Nick Cave is known as a showman, icon, innovator. But the musician has cast aspersions on the beleaguered genre’s future as it faces a post-#MeToo reckoning with its legacy of bad behaviour.
Cave has a website called the Red Hand files. And a fan wrote in to ask how he felt about “the current trend of connecting the shortcomings of an artist’s personal conduct and the art they create and using that criteria to determine if said works are corrupted and therefore to be relegated to the dustbins or not?”
What did it mean for art’s future, they wrote, “if we expect our artists, those that help us collectively explore and understand the human experience, to be morally perfect and beyond reproach?”
Responding to a fan letter about censoring musicians accused of misconduct, Cave suggested ‘dissolute behaviour’ is key to rock’s identity
Cave, describing modern rock music as “afflicted with a kind of tiredness and confusion and faint-heartedness”, suggested that “the new moral zealotry that is descending upon our culture could actually be a good thing”.

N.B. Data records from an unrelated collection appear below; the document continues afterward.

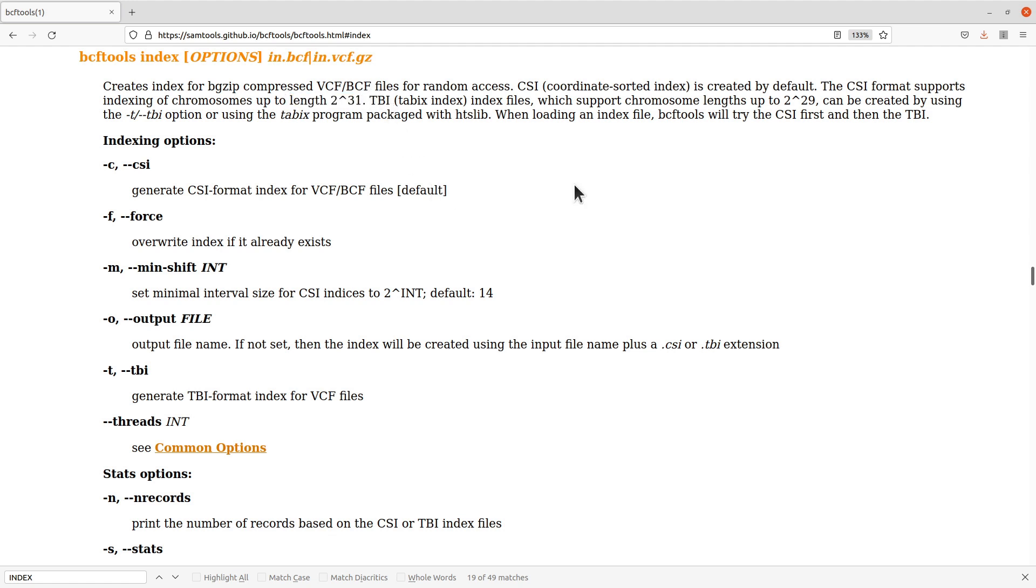We also have the TBI which supports chromosome lengths up to this one here. Depending on your VCF file and the contents, you just have to know which of these formats you have to use to do your work. Just know that information.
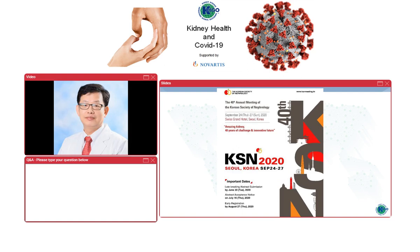Lastly, I would like to thank all the medical professionals, healthcare personnel, volunteers, and all those at the front line of the COVID-19 pandemic who worked tirelessly to provide essential services to the public. I hope that the COVID-19 pandemic will end soon, and that you may join us at the KDGO-KSN 2020 Joint Symposium taking place on September 26th in Seoul, Korea. Thank you again for your attention.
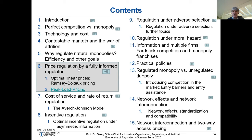The second topic will be peak load pricing. Here the regulator has to take into account that demand is volatile or fluctuates, so we will have peak and off-peak times. The question is then how much you want to invest in capacity and who should pay for this capacity. That's what today's topics are.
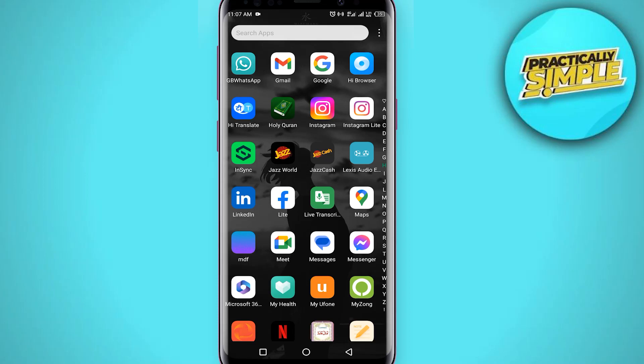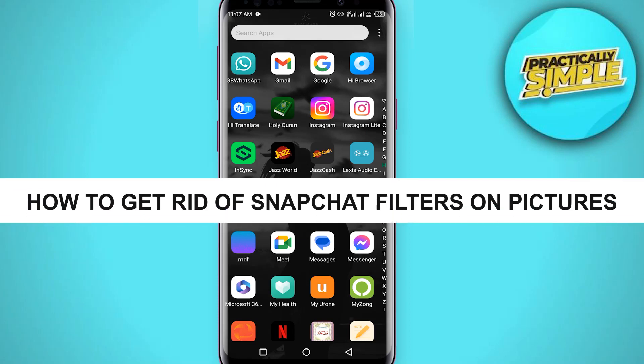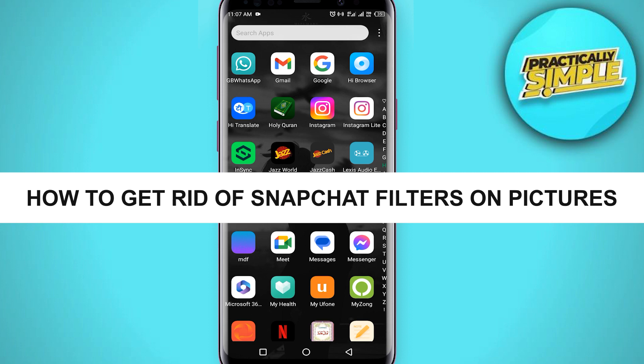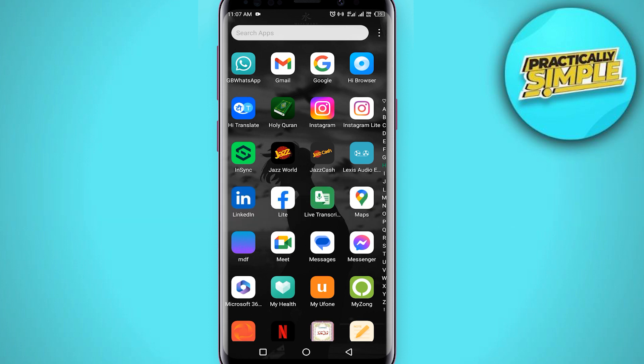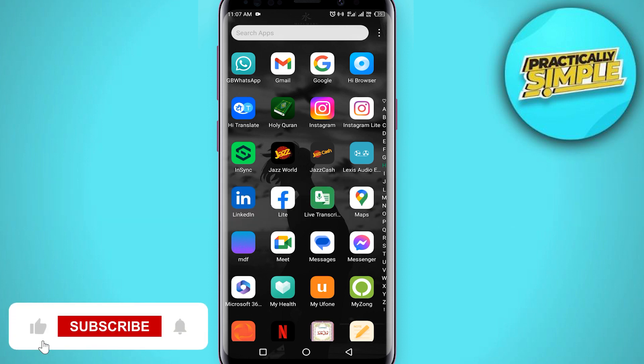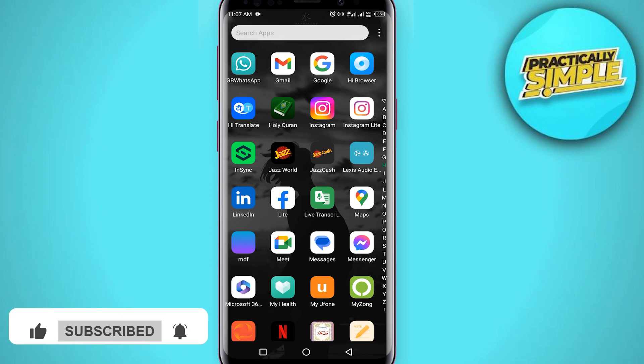Hey everyone, welcome back to the channel. In today's video I'm going to show you how to get rid of Snapchat filters in pictures — so is it possible or not? Let's find out.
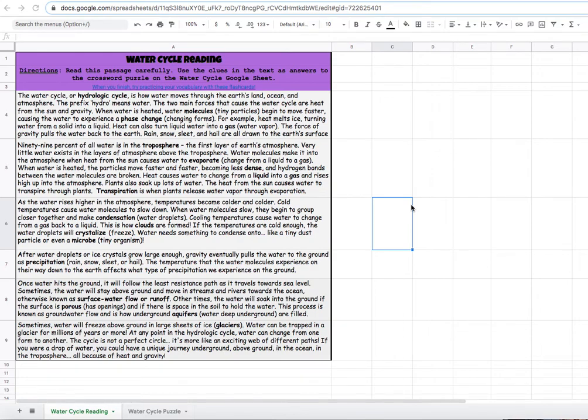Hi everyone. This is a student video explaining how to complete a digital crossword puzzle. This is made for students completing a digital science crossword puzzle using Google Sheets.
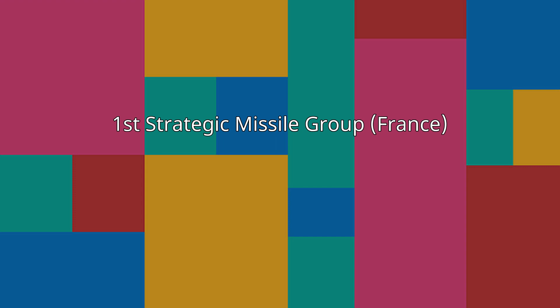The 1st Strategic Missile Group France, French: 1er Groupement de Missiles Stratégiques or GMS, is a former unit of the Strategic Air Forces of the French Air and Space Force.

He continued: “Contemporary rock music no longer seems to have the fortitude to contend with these enemies of the imagination, these enemies of art – and in this present form perhaps rock music isn’t worth saving. The permafrost of puritanism could be the antidote for the weariness and nostalgia that grips it.”
Cave is currently on tour with his Conversations With Nick Cave event series, in which he answers questions from the audience and performs impromptu songs at the piano. The UK leg of the tour commences on 15 June in Cardiff.